Secondo la tradizione,  Dauno avrebbe allargato il suo regno verso ovest, lungo le valli più agevoli, oltre Bovino, per poi occupare il territorio di Benevento ed espandersi verso la Lucania. Il re Dauno, per assoggettare l'intera regione, dovette far guerra alle popolazioni indigene, restie ad accettare una nuova dominazione. Durante tali guerre si ebbe l’arrivo dell’eroe greco Diomede, a cui venne promesso la propria figlia  a patto che lo aiutasse nella guerra contro i Messapi. Purtroppo, come sappiamo, tutto andò male, e Diomede venne ucciso da Dauno.   

I Dauni

Stele Daunia

[Stele Daunia]

In genere i Dauni, come gli Iapigi, all'inizio della fase emigratoria,  occuparono le terre, con lo scopo di razziare tutto ciò che incontravano. Successivamente, una volta stabilitisi sul territorio, dovettero ricostruire le antiche borgate, cingendole di poderose mura di difesa, formate da pietrame, come nel caso di Monte Saraceno, oppure circondate da difese naturali, come nel caso di Salapia, con le sue lagune marine. Se nella prima fase emigratoria detta "pannonico-balcanica" abbiamo la sola presenza della tribù degli Iapigi, nella seconda fase abbiamo la presenza della tribù dei Liburni, che si stanziarono prevalentemente nella zona di Cupola, in territorio sipontino, dove abbiamo trovato strette affinità strutturali con quelle  liburniche.
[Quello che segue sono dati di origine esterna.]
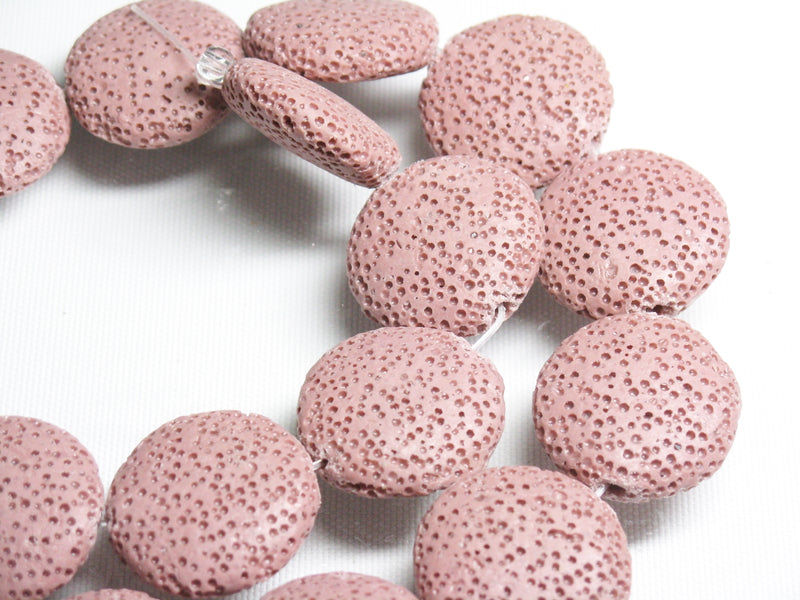 TOKO-BEADS AZ142N-07 Volcanic Rock bead (Strand) 23mm AZ142N-07 火山岩ビーズ（連） 23mm Asian bead & African bead  Handmade,Lampeork,bead,asia,india,ethnic,parts,accessory,beads とんぼ玉,ビーズ,トンボ玉,アジア,インド,エスニック,手作り,パーツ,アクセサリー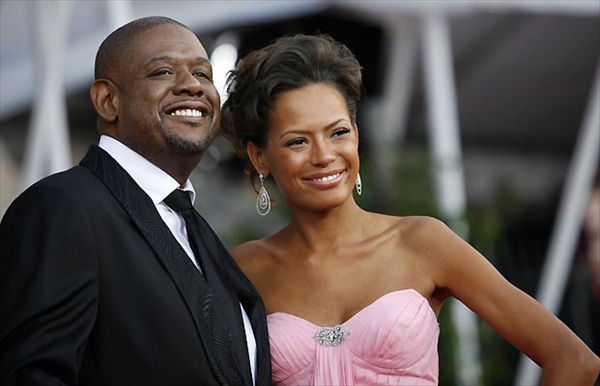 форест уитейкер с женой кешей forest whitaker with his wife keisha sag awards red carpet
La civiltà daunia raggiunge il suo massimo sviluppo nel VI secolo, allorquando  l'intera subregione presenta una sua unità culturale manifestatasi specialmente  sul piano della produzione artistica, oltre che culturale e religiosa. Della prima forma culturale fanno parte i prodotti in ceramica, il cui stile viene detto  "geometrico dauno". Tale produzione prende le mosse dal protogeometrico japigio della fine del II millennio a. C., influenzato dai modelli elaborati in area ellenica e transadriatica, per poi evolversi nell’età del Ferro sino a tutto il IV secolo a. C., secondo linee e modelli autonomi conquistando, attraverso le esportazioni particolarmente attive tra l’VIII e il VI secolo a. C., il gusto dei mercati stranieri ed in modo particolare quello illirico, tanto da contribuire in maniera notevole  alla floridezza della regione. La sua produzione, prevalentemente in ceramica daunia,  è attestata in numerose località daunie, fra cui Coppa Nevigata, Monte Saraceno, Punta Manaccore, Ordona, Arpi, Salapia, Cupola. Secondo il De Juliis, quest’ampia documentazione ha messo in luce l’esistenza di una sostanziale differenziazione, già dall’inizio dell’VIII sec. a. C., fra il geometrico Japigio dell’area meridionale e quello della Daunia, dando origine così prima al geometrico protodaunio e poi alla ceramica geometrica dauna dell’VIII-IV secolo a. C. I centri di maggiore diffusione di questo ultimo periodo geometrico sarebbero stati Herdonia, Ascoli e Canosa con diffusione verso il Gargano. Le ceramiche, insieme a vasi di bronzo, monili di metallo, pasta vitrea e ambra, provengono dalle tombe che numerose si trovano nella Daunia. (700-550 a. C.); Daunio II (550-400 a. C.); Daunio III (400-300 a. C.).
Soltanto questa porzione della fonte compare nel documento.